KEVIN STEEN & CLIFF COMPTON vs. OUTLAW, INC. (Eddie Kingston & Homicide), Charm City Street Fight
Late in the first minute, Steen, whose chair came from the crowd, uses a kid’s backpack to subdue Kingston. We also have a reference to an Orioles-Mariners brawl from about 20 years ago and about 10 namedrops. Various chair shots ensue, including Homicide crotching Compton with it and whipping him into the propped chair in the corner. Homicide, who’s wearing a tie for the occasion, dives out onto Steen. Back in the ring, Steen catches Homicide, then goes for the Go Home Driver, which looks like a Black Hole Slam, but goes into a White Noise variation. That was cool.
Break time, and when we’re back, Kingston is destroying Compton with the chair and Steen has a ladder. Steen is happy.
He props it up in the corner, but Homicide turns the attention elsewhere with a tornado DDT. He tries to faceplant Steen into the ladder, but Steen blocks and the ladder bends. A back bodydrop later, Homicide’s body appears to finish the ladder off. Steen goes up top and waits for Kingston to get up, but he’s cut off. Compton slips inside and DDTs him as Corino and Kelly discuss Compton’s recent KFC commercial?! Interesting. More interesting: He sets up a chair and drop toeholds Kingston into it. Homicide comes in wearing a bunch of streamers, and Compton tosses him for a second ladder bump. Compton follows up with a Michinoku driver, then vacates the premises, only to return with a second, hopefully sturdier ladder. He DDTs Homicide, rolls him onto the old ladder, then sets up the new one?! Kingston stops the insanity by pushing it over and crotching Compton on the ropes as one of the announcers makes a “landed right on his ding-ding” reference. Steen’s back in, but Homicide hits the Ace Crusher on him onto the ladder. Steen fights off Kingston while Homicide is up top, uses Kingston to knock Homicide down and, while Homicide is in a predicament in the corner, Steen F-5s Kingston onto a ladder for the win.
Technical Merit: I mean … it was a street fight. A few cool spots and moves, though.

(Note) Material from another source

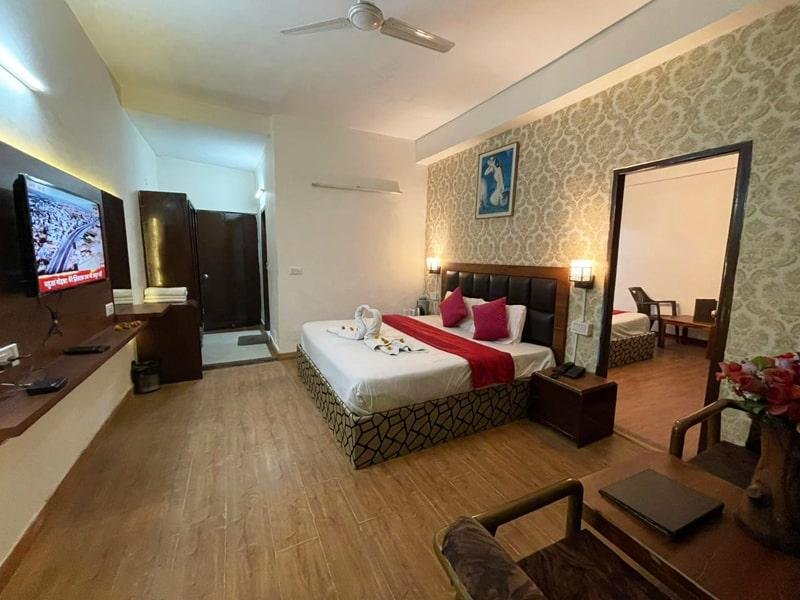 Hotel Sitara International  Manali x Solis Nature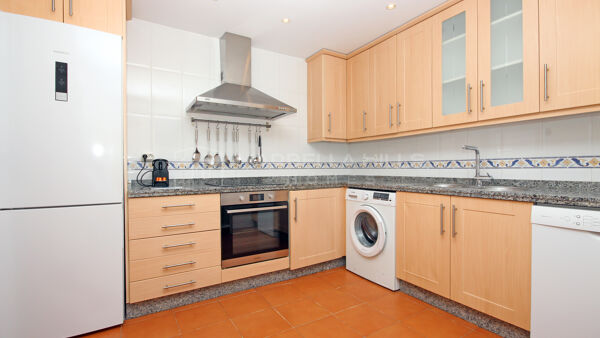 Wunderschöne 3-Schlafzimmer-Duplex-Penthouse zur Miete in La Resina, New Golden Mile.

Artistic Impression: Chair shots, ladders, finishers onto ladders, etc. A cool story if you’re into that sort of thing.
TOTAL SCORE: *3/4
Steen goes for a postmatch handshake with his partner, but Compton rejects it and leaves. Outlaw Inc. briefly ponders taking advantage of the 2-on-1 with Steen, who has a ladder in hand, but the heels dip out to finish the show. Wimps.